## BRIEF
What you return must be the data below, word for word, without any images.

========

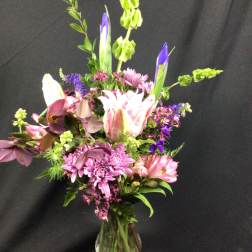 Mixed bouquet of pink, purple, and white flowers in a glass vase
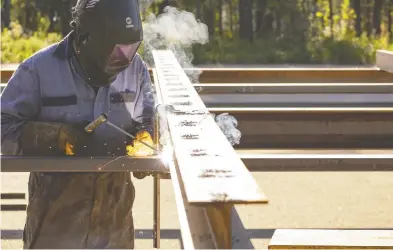  ?? RANDY VANDERVEEN / POSTMEDIA NEWS FILES ?? Smoke rises around a welder as he fits together the metal making up the skeleton of a new drive-in theatre screen built this summer in Evergreen Park. The Investment and Growth Strategy is aimed at diversifyi­ng Alberta's economy.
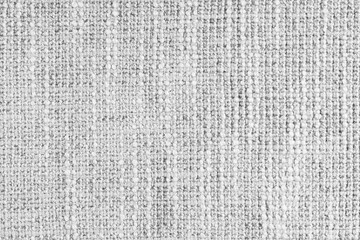 Jacquard woven coarse weave texture upholstery white fabric. Textile background, furniture textile material, wallpaper, backdrop. Cloth structure close up, macro.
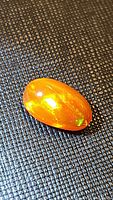 Photo shows a close-up of the large oval cabochon fire opal with bright orange color and visible multicolored flashes on textured black surface.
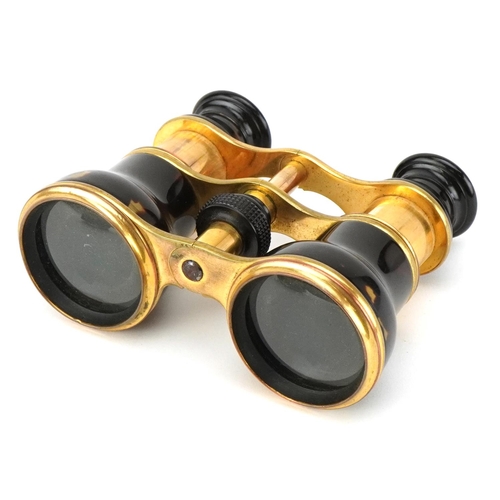 26 - A pair of 20th century gilt brass and tortoiseshell opera glasses by Dollond of London, housed in a ... 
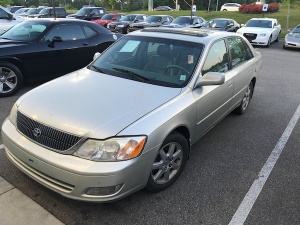 Silver Toyota Avalon parked in a lot.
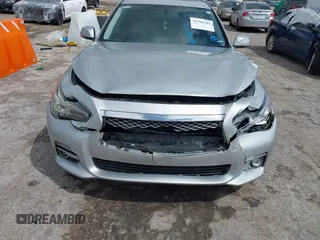 2014 Infiniti Q50 Premium z VIN JN1BV7AP9EM690381, wystawiony jako IAAI lot #41761562 z przebiegiem 107 099 mil mil oraz . Historia ofert i sprzedaży dostępna na DreamBid. Obrazek 6.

========

## EXERCISE SOLUTION
 Mixed bouquet of pink, purple, and white flowers in a glass vase
  ?? RANDY VANDERVEEN / POSTMEDIA NEWS FILES ?? Smoke rises around a welder as he fits together the metal making up the skeleton of a new drive-in theatre screen built this summer in Evergreen Park. The Investment and Growth Strategy is aimed at diversifyi­ng Alberta's economy.
 Jacquard woven coarse weave texture upholstery white fabric. Textile background, furniture textile material, wallpaper, backdrop. Cloth structure close up, macro.
 Photo shows a close-up of the large oval cabochon fire opal with bright orange color and visible multicolored flashes on textured black surface.
 26 - A pair of 20th century gilt brass and tortoiseshell opera glasses by Dollond of London, housed in a ... 
 Silver Toyota Avalon parked in a lot.
 2014 Infiniti Q50 Premium z VIN JN1BV7AP9EM690381, wystawiony jako IAAI lot #41761562 z przebiegiem 107 099 mil mil oraz . Historia ofert i sprzedaży dostępna na DreamBid. Obrazek 6.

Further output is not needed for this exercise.